Prompt: Repeat the data exactly. Pictures stay out.

Data:

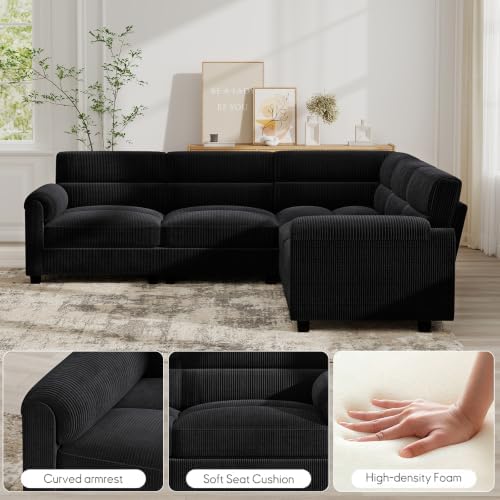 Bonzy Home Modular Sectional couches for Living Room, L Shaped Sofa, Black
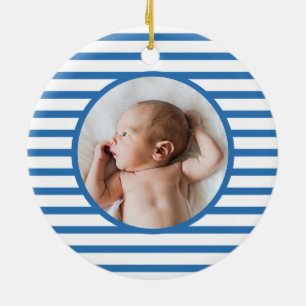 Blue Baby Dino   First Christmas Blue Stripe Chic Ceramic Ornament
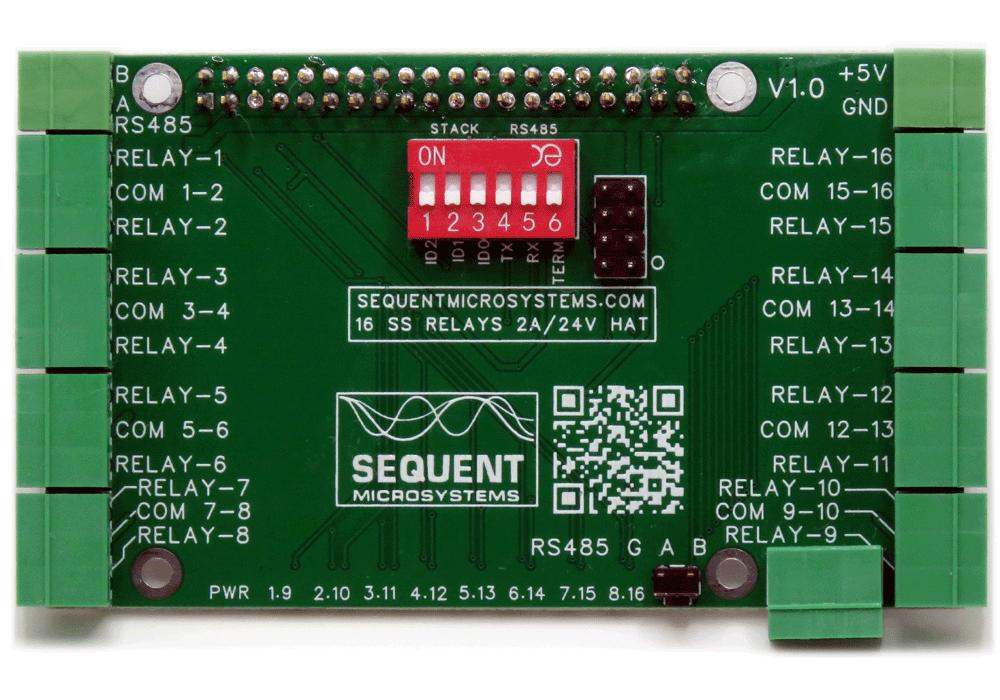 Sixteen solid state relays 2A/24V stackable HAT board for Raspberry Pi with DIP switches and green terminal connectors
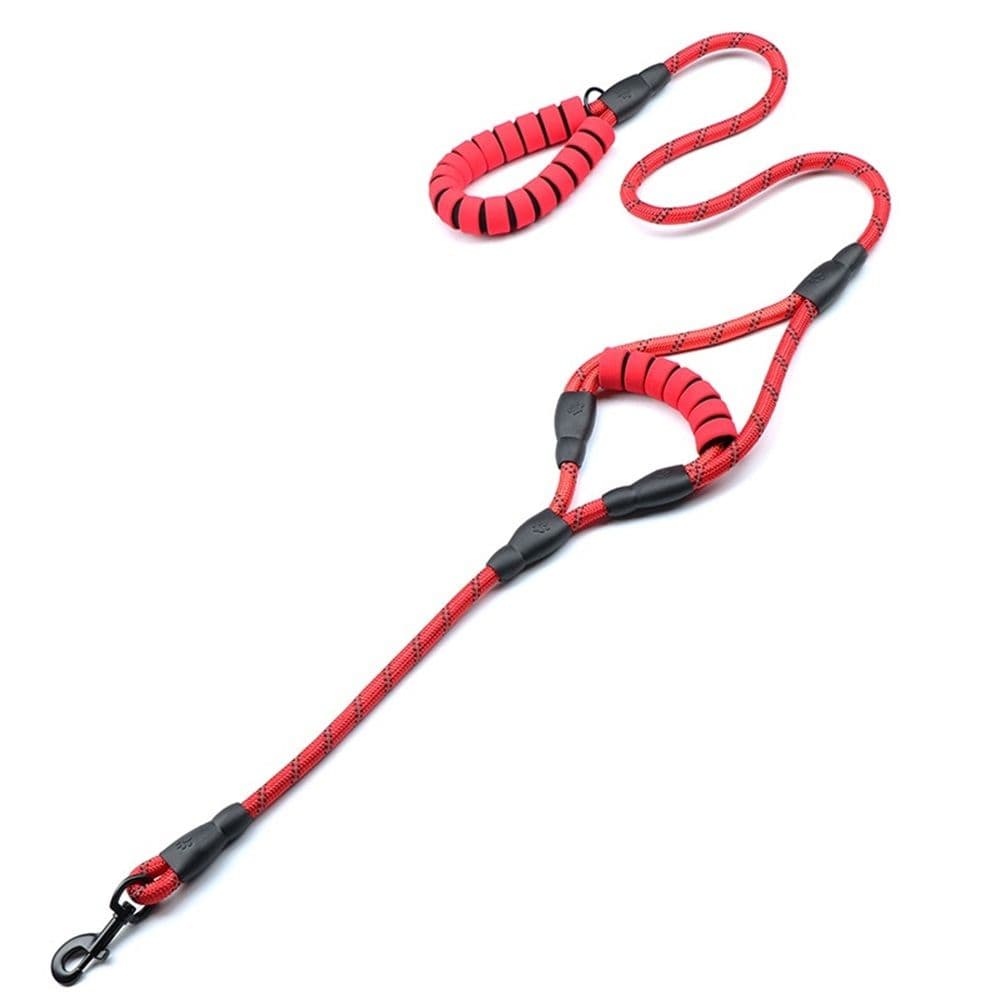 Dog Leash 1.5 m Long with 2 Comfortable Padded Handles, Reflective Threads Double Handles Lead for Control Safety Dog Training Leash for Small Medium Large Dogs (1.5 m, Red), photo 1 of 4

Result for this task:
 Bonzy Home Modular Sectional couches for Living Room, L Shaped Sofa, Black
 Blue Baby Dino   First Christmas Blue Stripe Chic Ceramic Ornament
 Sixteen solid state relays 2A/24V stackable HAT board for Raspberry Pi with DIP switches and green terminal connectors
 Dog Leash 1.5 m Long with 2 Comfortable Padded Handles, Reflective Threads Double Handles Lead for Control Safety Dog Training Leash for Small Medium Large Dogs (1.5 m, Red), photo 1 of 4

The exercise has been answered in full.